Por publicar, segundo os principais estudiosos de Luzia, ficaram as memórias e a volumosa correspondência cuja localização importaria apurar tendo em vista a sua edição, sobretudo, o livro que se encontrava pronto, intitulado “Pelos Caminhos da Vida, Jornal I” (José Martins dos Santos Conde, “Luzia, o Eça de Queiroz de Saias”, Portalegre: Edição de autor, 1990; Cláudia Sofia Silva Neves, “O Reino Encantado de Luzia: A Crónica da Vivência e a Eterna Busca do ‘Eu’”, Lisboa: CLEPUL, 2017).
A IRREVERÊNCIA DE LUZIA
Autora de uma série de livros de forte sentido autobiográfico, Luzia casou-se muito jovem, na Madeira, mas divorciou-se, em novembro de 1911, de um marido que a maltratava. “Seulette, seulette, sans compagnon ni maître...”, como escreveu nas suas memórias inéditas. Desde, então, dividiu-se em viagens pela Europa; a frequência de salões literários, onde primava pela elegância, como aquele que manteve, em Lisboa, a Santa Catarina, Maria Amália Vaz de Carvalho; e uma extrema solidão que, talvez, explique o carácter introspetivo da sua obra, associada a uma saúde débil.
Augusto de Castro chamou-lhe o “Eça de saias”, devido à sua capacidade para observar e ironizar sobre os usos e costumes de Lisboa (“Diário de Notícias”, 13-12-1956). Ou, como ela própria, se definiu: “espectadora das comédias do mundo”, sobretudo da sociedade da mais alta-roda que frequentou em Lisboa, Funchal e Portalegre (“Dias Que Já La Vão”, Porto: Livraria Tavares Martins, 1946, p. 239; “Cartas do Campo e da Cidade”, Lisboa: Portugália, 1923).

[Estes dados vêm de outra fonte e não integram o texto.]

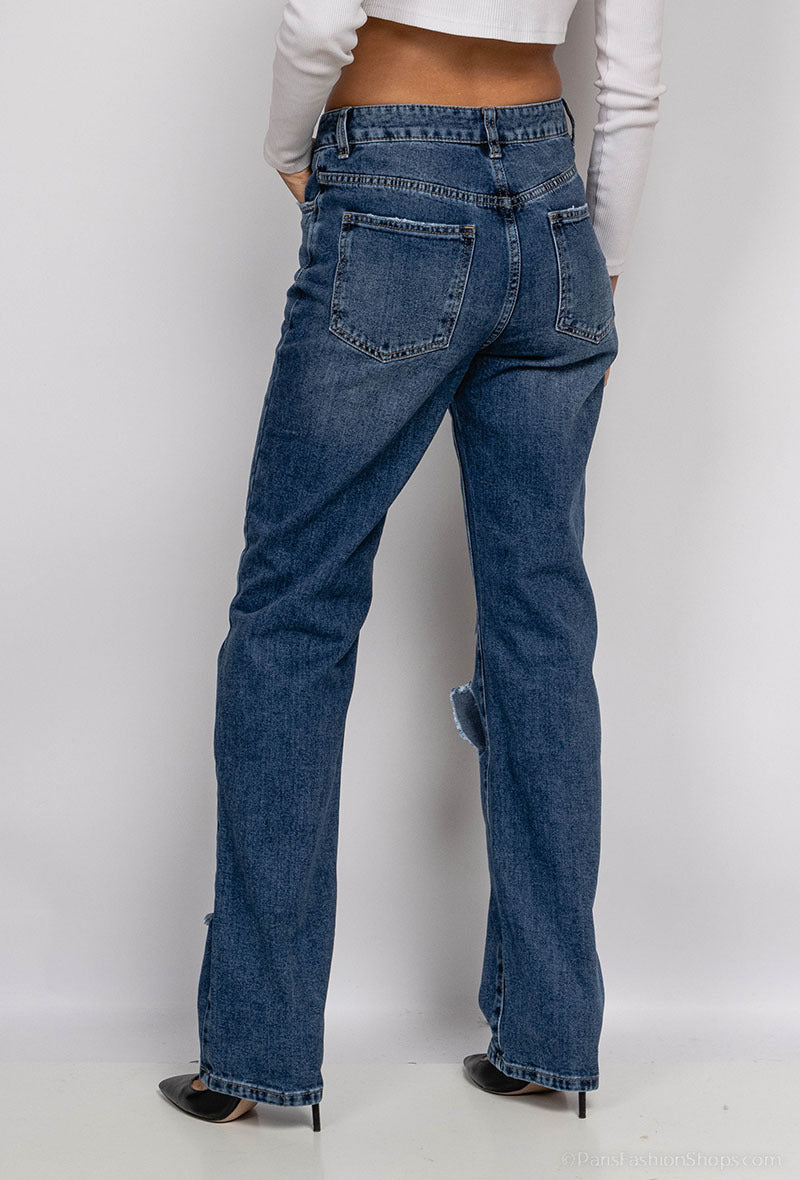 Queen Hearts Regular jeans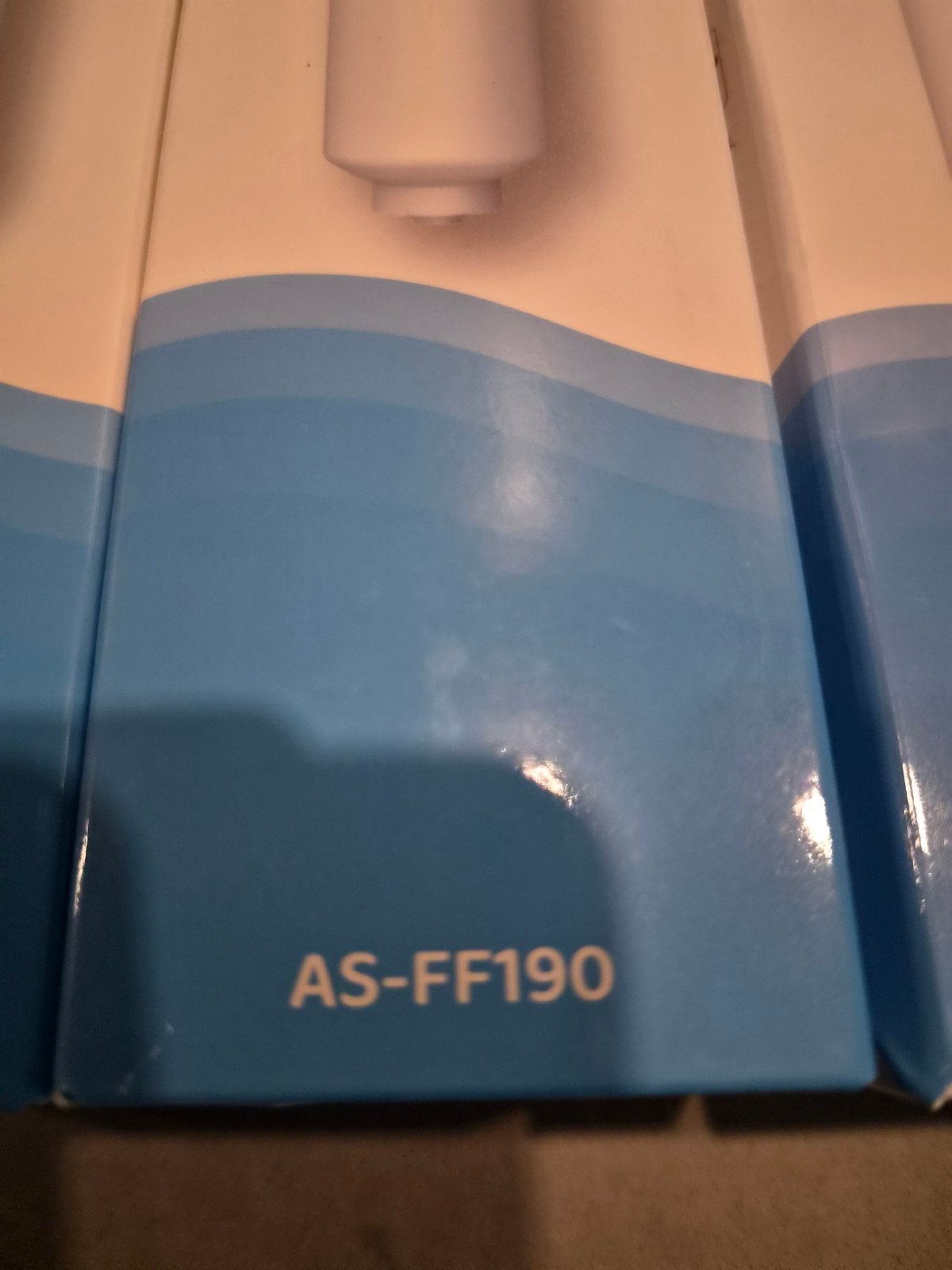 Waterfilters koelkast AS-FF190, Elektronische apparatuur, Koelkasten en IJskasten, Ophalen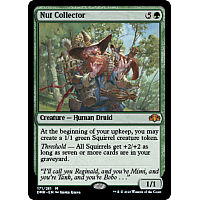 Nut Collector (Foil)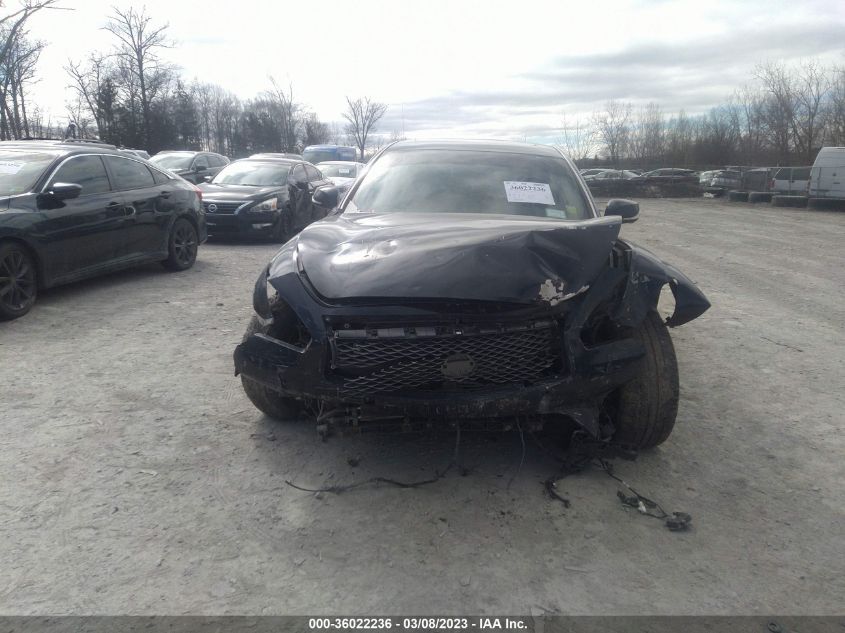 2015 INFINITI Q70 JN1BY1AR8FM560700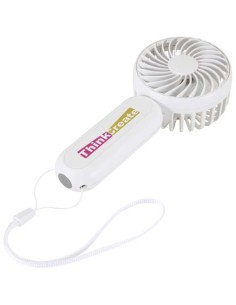 Ventilatore portatile in plastica riciclata Aervia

O seu feminismo assumiu contornos próprios. Como escreveu, em forma de carta: “Tu bem o sabes, eu não suporto aquelas escritoras de quem se diz: têm a inteligência viril, escrevem como um homem... Com esta minha perigosa mania de evocação, oiço-lhes logo a voz grossa, vejo-as de peitilho de goma, colarinho alto, bengala e cachimbo” (“Cartas do Campo e da Cidade”, p. 195). Em “Cartas d’uma Vagabunda”, Luzia assumiu, ainda, a sua atitude irreverente, quando escreveu que “por distração e... talvez por um bocadinho de implicação também, faço sempre o contrário do que o código elegante manda fazer”. E, num dos seus últimos livros, “Última Rosa de Verão (cartas de mulheres)”, de 1940, Luzia meteu-se na pele de Ana Guiomar, a quem fora atribuída a tarefa de educar Nuno, primo de uma amiga e com metade da sua idade. Apesar das diferenças, educadora e educando apaixonaram-se, num quadro que é o do amor impossível. A irreverência estava, precisamente, no direito à paixão por parte da mulher mais velha, que quer fugir às convenções.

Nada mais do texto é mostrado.